Saturday, July 16, 2011

Occidental Park

I'm sitting in Occidental Park eating a grilled tuna and provolone sandwich. Most people here, except for a few tourists like me, appear homeless, mentally ill, or both. Two police officers slowly cycle the perimeter. This small square in Seattle's Downtown looks pretty with its Native American sculptures, its seagulls flying overhead.
    
To my left, a black teenager with crinkled hair drags her anorak collar across her mouth as she stares into space. Next to her sits a man in a t-shirt with multi-coloured circles on it and, beside him, an old guy in a battered straw hat who is smoking a roll-up.
  
As I look over at these three people, a woman comes over. She's dressed in a long black plastic coat and a black baseball cap turned backwards. She's walking onto the square from between a tall carved monkey and some other Totem animal that I don’t recognise. She is barefoot and has a large toilet roll under one arm. In the other, she holds a branch. She stabs at the pavement with it as she walks.

On top of her baseball cap, a black pigeon cleans its feathers. The woman's face is dark as peat. She yells out to the man in the t-shirt with the circles on.
  
He hollers back, his gold-rimmed specs glinting in the mid-afternoon sun. "I got something for ya!"
  
A Chinese lady next to me on the bench looks disturbed by this sight and stares, mute, at the pigeon that is still preening itself. She is well dressed - expensive shoes, neat hair. I want to share a conspiratorial smile with her, but she won't look at me. A few other tourists dot the benches. The pigeon woman sits down beside the man.
  
That pigeon looks as though it's always lived on her baseball cap. She stares at me with her black crack eyes. I look down at my notebook.
  
The Chinese lady lets out a crazy high-pitched squeal. I notice that the other tourists have left.

A cop approaches our bench. "JinSu?" he says to the Chinese lady.

She nods.

"Is anyone bothering or hurting you?" He adjusts his sunglasses. "Come see me if..."
  
He cycles off. A seagull flaps its wings. Fairy lights sparkle above an ivy-covered hotel doorway opposite. It looks out of place here, with its pastel umbrellas out front, its matching cloth napkins.
  
Everyone else is dozing. I should leave.

A man approaches the Chinese lady. "I've seen you before!" he says with a sneaky cat smile, "Did you get a shelter?"

She giggles.
  
I should go.

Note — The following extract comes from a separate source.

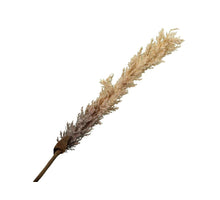 pb. Birke Kiefer natur 500gr.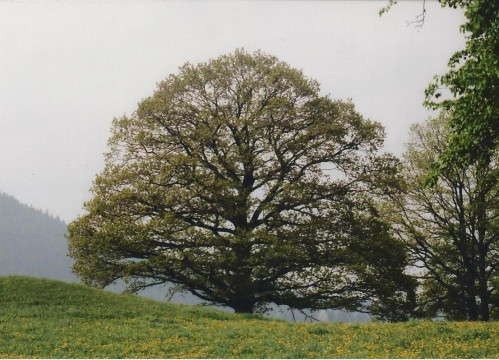 Baum 1 Frühling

I should leave.
  
 "I t-aught I taw a puddy cat!" shouts gold-rimed specs man. "I'm having flashbacks!"
  
Everyone else is silent, except for pigeon woman, who eagerly munches her sandwich. Three policemen now circle on push-bikes.
  
I get up and say goodbye to the Chinese lady. She looks at me for a second, and then smiles.

I want to be looking up at cranes, staring out at departing ferries. I start walking down towards the waterfront. I glance back and see the Chinese lady now leaning forward, her long black hair hung in strips, her anorexic hands clutching the air.